In particular, lithium secondary batteries are the most widely used, but due to an increase in raw material prices for lithium secondary batteries, research on inexpensive next-generation batteries is required. Among them, room-temperature sodium/sulfur (NaS) batteries that use sulfur as an active material have inexpensive raw materials, and are being actively researched due to their high theoretical energy density.

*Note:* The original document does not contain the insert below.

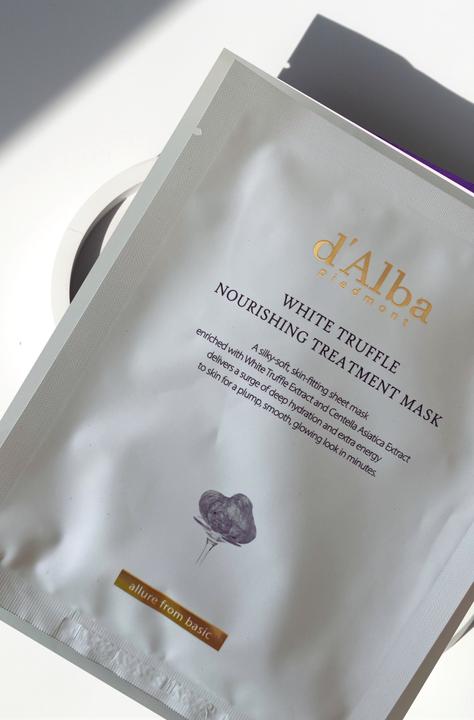 Actual product image d'Alba White Truffle Nourishing Treatment Mask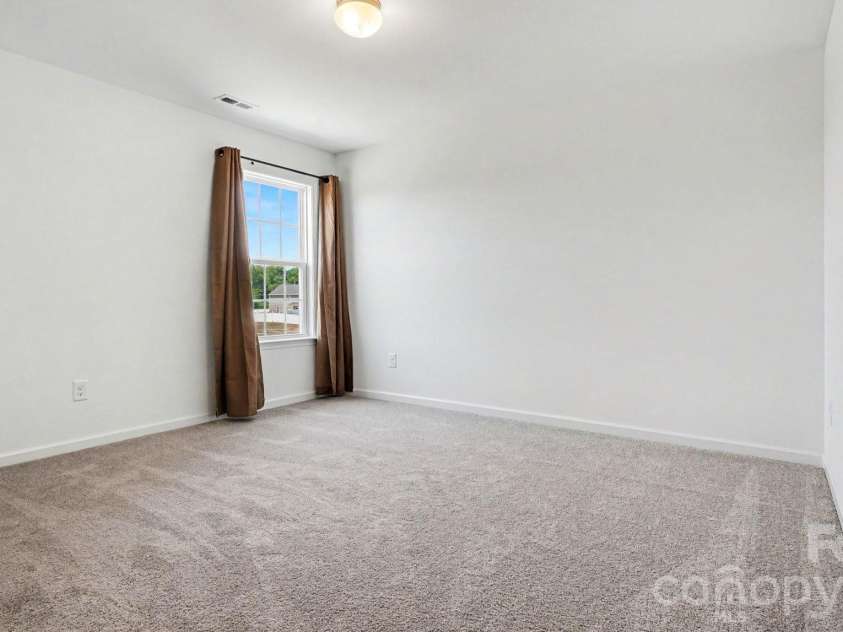 178 Wickham Court, Clemmons, NC 27012.  MLS# CAR4378950, YatesRealty ID 19039.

The reaction mechanism of room-temperature sodium/sulfur batteries is as follows, and sulfur has a high theoretical capacity of 1,672 mAh/g.

S+2Na→Na₂S

However, in nature, sulfur is in the form of a crown ring having eight S atoms bonded together, and accordingly, during electrochemical reaction with sodium, sulfur reacts in stages slowly from Na₂S₈ to Na₂S. High-order sodium polysulfide {Na₂S_x (4≤x≤8)} formed at this time dissolves into a liquid electrolyte. As a result, room-temperature sodium/sulfur batteries exhibit rapid self-discharge, low discharge capacity and poor cycle performance. In addition, sodium polysulfide dissolved in the liquid electrolyte causes a shuttle phenomenon in which oxidation and reduction are repeated while sodium polysulfide moves between a sulfur cathode and a sodium anode during charging, which causes a problem of high overcharge.

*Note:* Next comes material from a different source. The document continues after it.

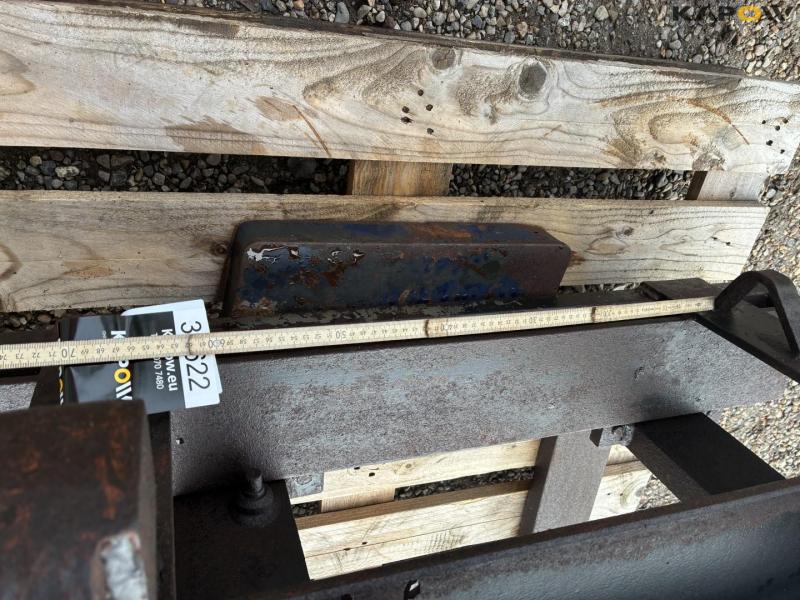 Pallet forks on heavy-duty frame 14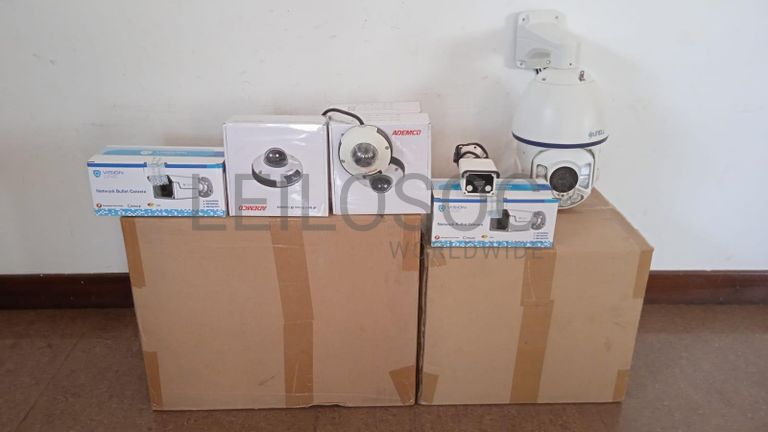 Câmeras de vigilância + Equipamentos de vigilância + Equipamentos de vigilância + Equipamentos de vigilância + Câmeras IP + Câmeras IP ·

To solve this problem, a method of complexing sulfur with carbon, the use of solid electrolytes to block poly sulfide, etc. have been studied.

Among them, excellent cycle characteristics have been reported in electrodes using sulfurized polyacrylonitrile (S-PAN), which is manufactured by thermally bonding polymer polyacrylonitrile (PAN) and sulfur together, and a carbonate-based electrolyte with low solubility of high-order sodium polysulfide. However, even in these studies, only capacities lower than the theoretical capacity of sulfur have been reported.

In order to improve the utilization of sulfur, that is, the capacity of sulfur, attempts have been made to reduce the particle size of active materials and to achieve complexation with conductive materials. However, these methods have not only significantly increased the unit cost of a manufacturing process, but have also failed to improve actual capacity.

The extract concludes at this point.